BEGIN Data extracts

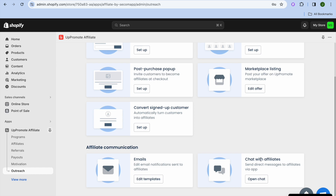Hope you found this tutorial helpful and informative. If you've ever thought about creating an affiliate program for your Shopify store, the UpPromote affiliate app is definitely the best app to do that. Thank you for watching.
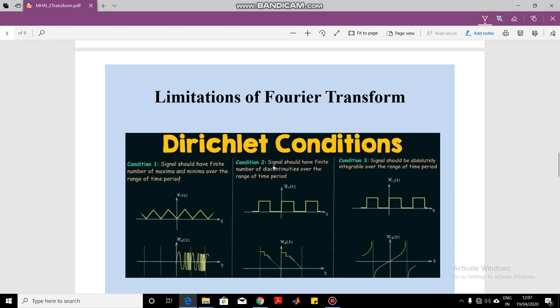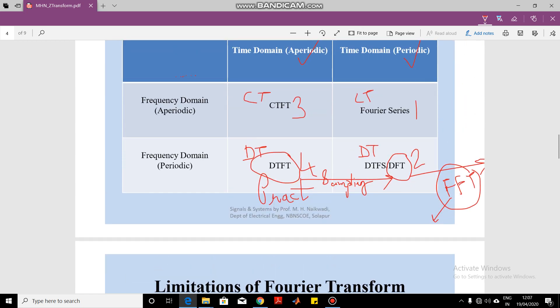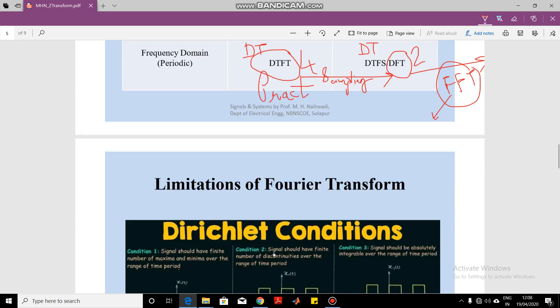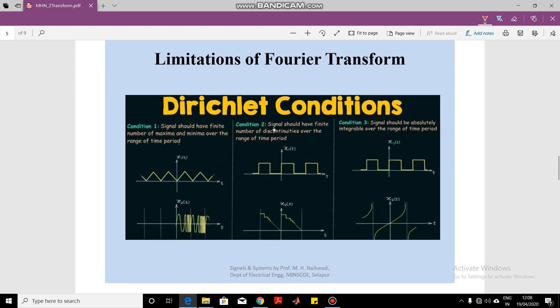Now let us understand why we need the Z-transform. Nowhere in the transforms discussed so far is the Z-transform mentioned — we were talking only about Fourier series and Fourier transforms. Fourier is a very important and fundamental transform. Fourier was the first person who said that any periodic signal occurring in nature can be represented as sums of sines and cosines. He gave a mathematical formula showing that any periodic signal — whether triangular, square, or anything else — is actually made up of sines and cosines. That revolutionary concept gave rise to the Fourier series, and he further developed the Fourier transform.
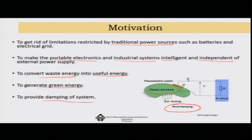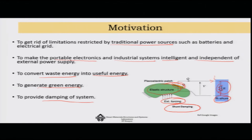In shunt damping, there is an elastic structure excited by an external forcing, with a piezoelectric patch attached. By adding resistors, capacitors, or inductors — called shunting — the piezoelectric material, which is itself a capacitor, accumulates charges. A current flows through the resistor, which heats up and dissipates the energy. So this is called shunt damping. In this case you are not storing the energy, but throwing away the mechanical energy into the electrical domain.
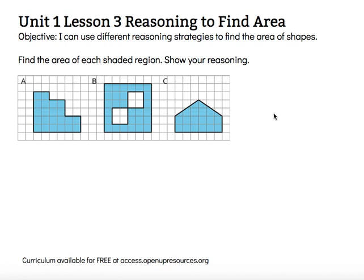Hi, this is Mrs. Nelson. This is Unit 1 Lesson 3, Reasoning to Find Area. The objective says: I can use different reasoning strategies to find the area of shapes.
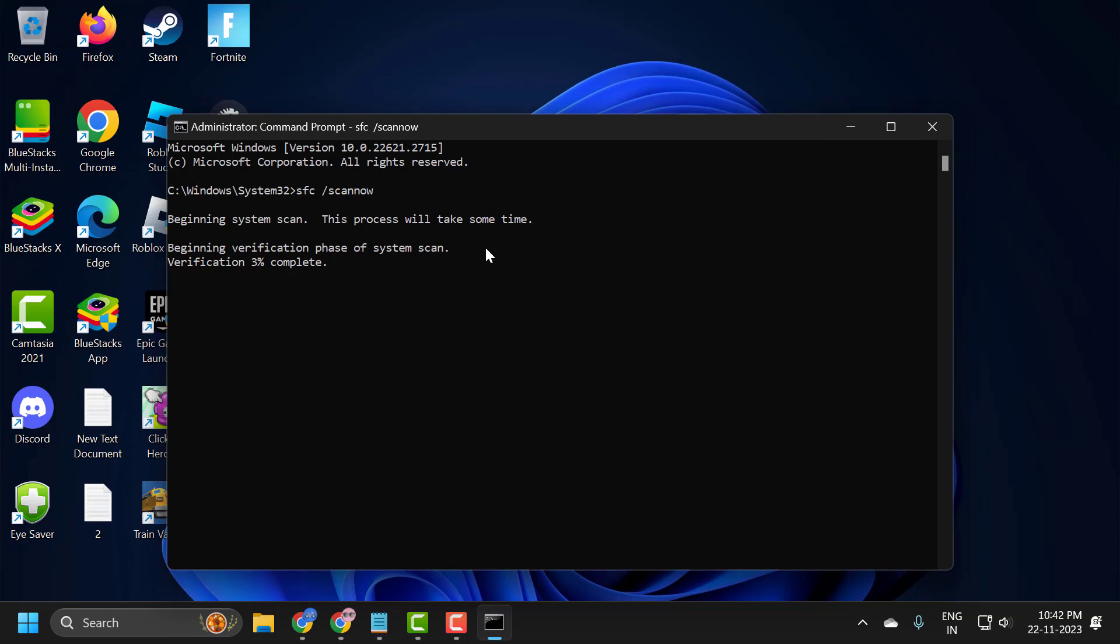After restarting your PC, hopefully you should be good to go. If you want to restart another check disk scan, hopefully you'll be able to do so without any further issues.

END Data extracts

What to work on = Strip the images and reproduce the remaining records precisely.

Written response =
Hope you found this tutorial helpful and informative. If you've ever thought about creating an affiliate program for your Shopify store, the UpPromote affiliate app is definitely the best app to do that. Thank you for watching.
Now let us understand why we need the Z-transform. Nowhere in the transforms discussed so far is the Z-transform mentioned — we were talking only about Fourier series and Fourier transforms. Fourier is a very important and fundamental transform. Fourier was the first person who said that any periodic signal occurring in nature can be represented as sums of sines and cosines. He gave a mathematical formula showing that any periodic signal — whether triangular, square, or anything else — is actually made up of sines and cosines. That revolutionary concept gave rise to the Fourier series, and he further developed the Fourier transform.
In shunt damping, there is an elastic structure excited by an external forcing, with a piezoelectric patch attached. By adding resistors, capacitors, or inductors — called shunting — the piezoelectric material, which is itself a capacitor, accumulates charges. A current flows through the resistor, which heats up and dissipates the energy. So this is called shunt damping. In this case you are not storing the energy, but throwing away the mechanical energy into the electrical domain.
Hi, this is Mrs. Nelson. This is Unit 1 Lesson 3, Reasoning to Find Area. The objective says: I can use different reasoning strategies to find the area of shapes.
After restarting your PC, hopefully you should be good to go. If you want to restart another check disk scan, hopefully you'll be able to do so without any further issues.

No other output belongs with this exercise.